• Exercise brief: Return the complete listing exactly as it reads, with each picture removed.

-- -- --

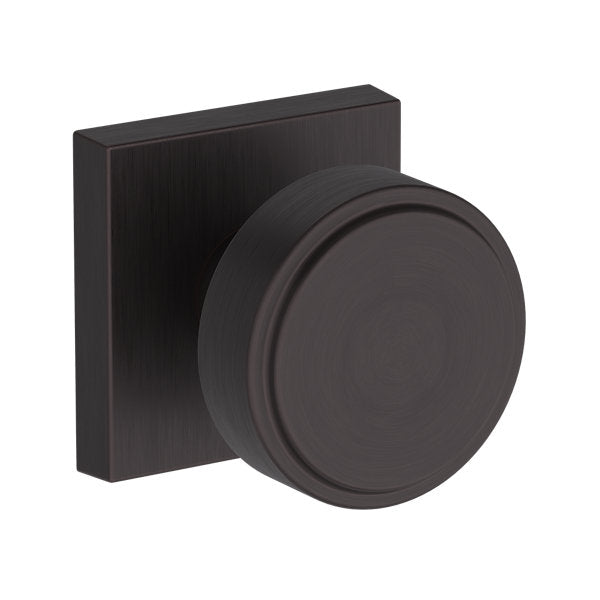 Baldwin Hardware Reserve Perilla Vashon — Bronce veneciano — Contemporary Square — Paso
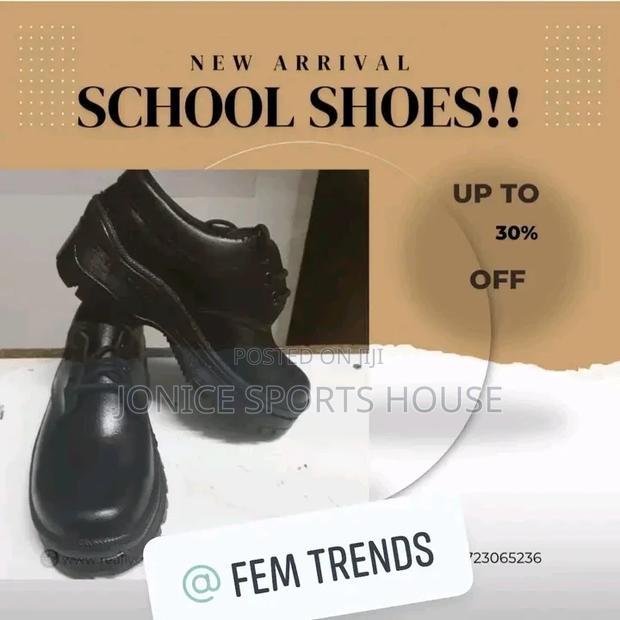Leather School Shoes - main view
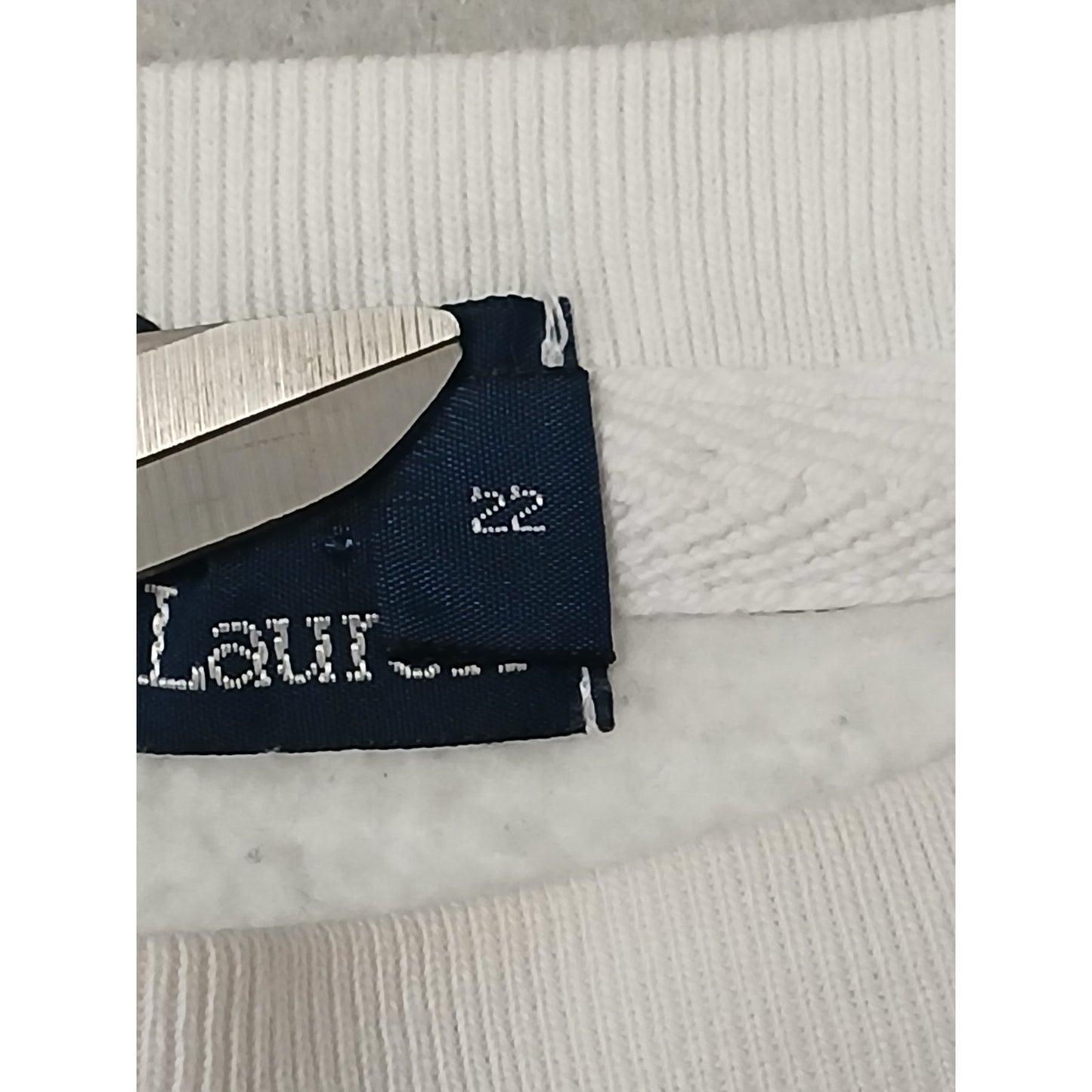 Polo Ralph Lauren (Medium) White Crop Crew Sweatshirt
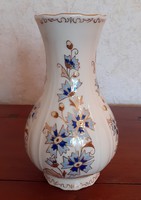 Zsolnay búzavirágmintás váza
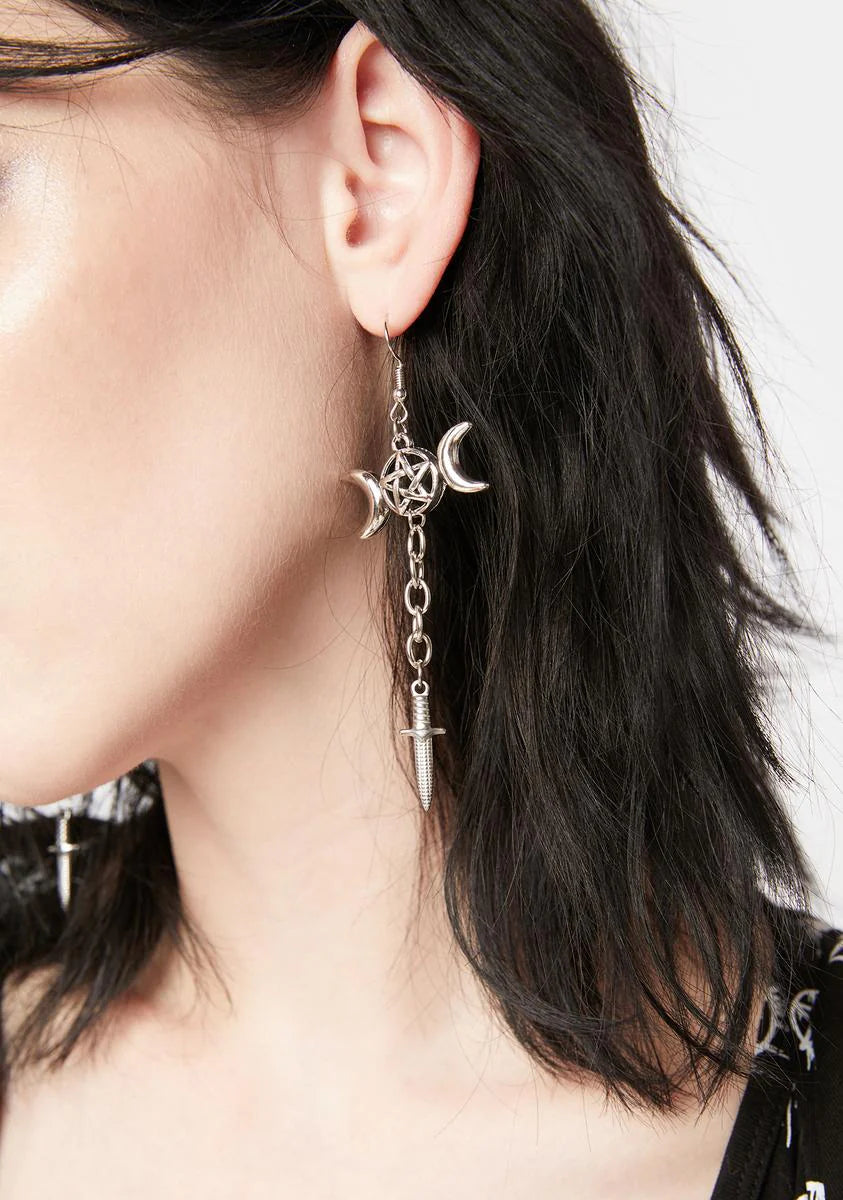 Divine Notion Dagger Drop Earrings
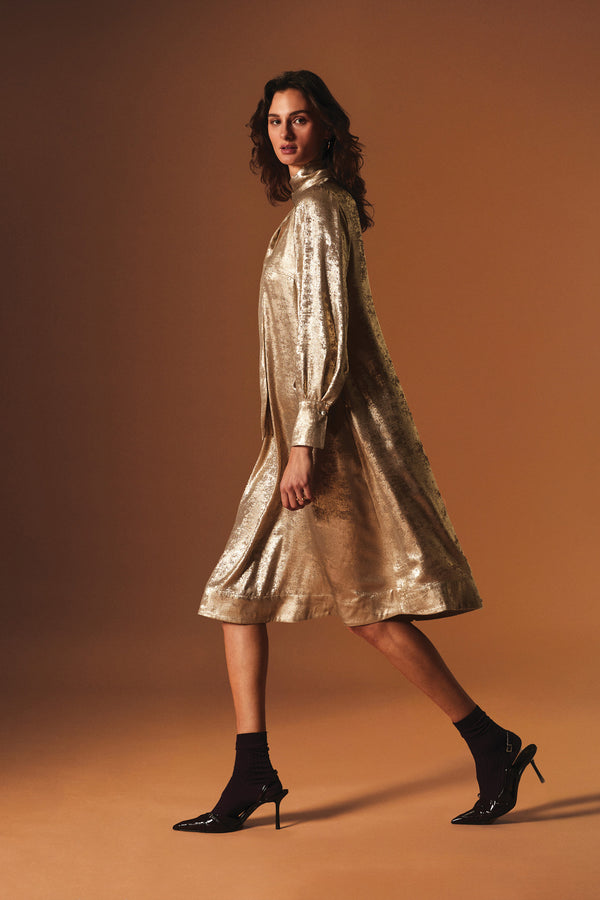 ABITO MIDI CHIFFON LUREX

-- -- --

• Output below:
 Baldwin Hardware Reserve Perilla Vashon — Bronce veneciano — Contemporary Square — Paso
Leather School Shoes - main view
 Polo Ralph Lauren (Medium) White Crop Crew Sweatshirt
 Zsolnay búzavirágmintás váza
 Divine Notion Dagger Drop Earrings
 ABITO MIDI CHIFFON LUREX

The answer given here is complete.